6. Evidence to support this hypothesis is provided by a group of ciliate protozoa
(Paramecium)
a) Unlike other protists, Paramecium has multiple mating types.
b) However, Paramecium has a unique mating system called Conjugation, in which cells line up and exchange haploid pronuclei through a small hole.
c) The hole is too small, and too ephemeral, to permit cytoplasmic organelles such as mitochondria from passing through.
d) In other words, Paramecium achieves uniparental inheritance by a different mechanism, and can thus evolve more than two mating types.
1. In general, multicellular organisms produce two categories of gametes, small
gametes (microgametes = sperm) and large gametes (macrogametes = ova)
2. This condition is called Anisogamy
3. A number of interesting hypotheses exist to explain the evolution of anisosgamy
a. Frequency Dependent Model - Assume that within a population of sexually-reproducing isogamous invividuals, a mutation for smaller gametes appeared.
b. The mutant individuals would be able to produce more gametes, fertilize more gametes, and gain a fitness advantage
c. The mutant allele should begin to spread through the population
d. However, as the mutant individuals became more common, the probability that small gametes would fertilize other small gametes would increase
e. These zygotes would have fewer resources that other zygotes, and would be less likely to survive (fitness decrease)
f. Under these conditions, a mutation in which small gametes fertilized only large gametes (and vice versa) – if it should appear – would be favored by selection
4. An alternate hypothesis – Hurst & Hamilton (1992)
a. As discussed above, since microgametes (sperm) are too small to contain
mitochondria in their cytoplasm, syngamy between a micro- and macrogamete does not entail the potential problems of mixed mitochondrial lineages in the zygote, i.e. uniparental inheritance of mitochondria is
guaranteed.
5. Global Implications of Anisogamy
a.

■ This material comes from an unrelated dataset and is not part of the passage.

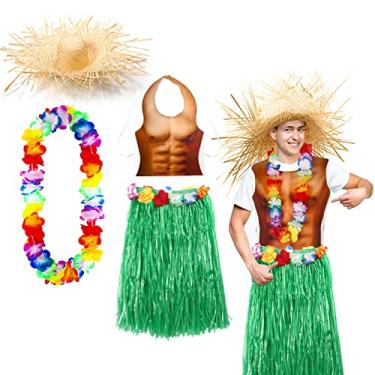 Imagem de Yahenda Pacote com 4 fantasias havaianas para meninos, incluindo saias de hula com colete muscular de festa havaiana, chapéu de palha havaiano e grinalda, acessórios de festa havaianos (verde), Verde,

Evolution of separate male and female strategies to maximize fitness (gender)
b.
Genomic Imprinting
and parent-Offspring Conflict
1) In pregnant humans, nutrients required by the fetus travel via spiral arteries in the
placenta.
2) Tissues around these arteries are invaded by cells from the fetus called cyrtotrophoblasts. These cells affect the arterial wall, thus reducing the mother’s ability to restrict blood flow to the fetus. ( Why would the mother wish to control this flow?)
3) Fetal cells produce Growth Factor II which facilitates the continued proliferation of
cyrtotrophoblasts. Only the paternally-derived copy of the gene for Growth Factor
II is expressed; not the maternal copy, i.e. the allele contributed by the father
promotes greater resource flow into the fetus from the mother. This is an
example of Genomic Imprinting. The opposite allele on the maternal
chromosome has been silenced.
4) Maternal cells around the arteries produce Growth Factor I, which acts to
neutralize Growth Factor II, thus partially counteracting the effect of Growth
Factor II
An interesting evolution-based hypothesis has been suggested that can account for these facts. The imprinting of the maternal allele may be a consequence of a conflict of interest between the mother and the father/fetus (both of which have a stake).
While it is obvious that the mother has a vested interest in the survival of her fetus, she may need to balance that current interest against the need to reserve energy and nutrients for future pregnancies. Thus, a mother’s allocation of maternal resources to the fetus may be balanced by the mother’s potential for future offspring, as well as the needs of current offspring. However – in most species - any future offspring may have a different father than the current fetus. Therefore, the father’s gene, inherited in the fetus, should promote the success of the current fetus, even at the expense of the mother, and her future offspring.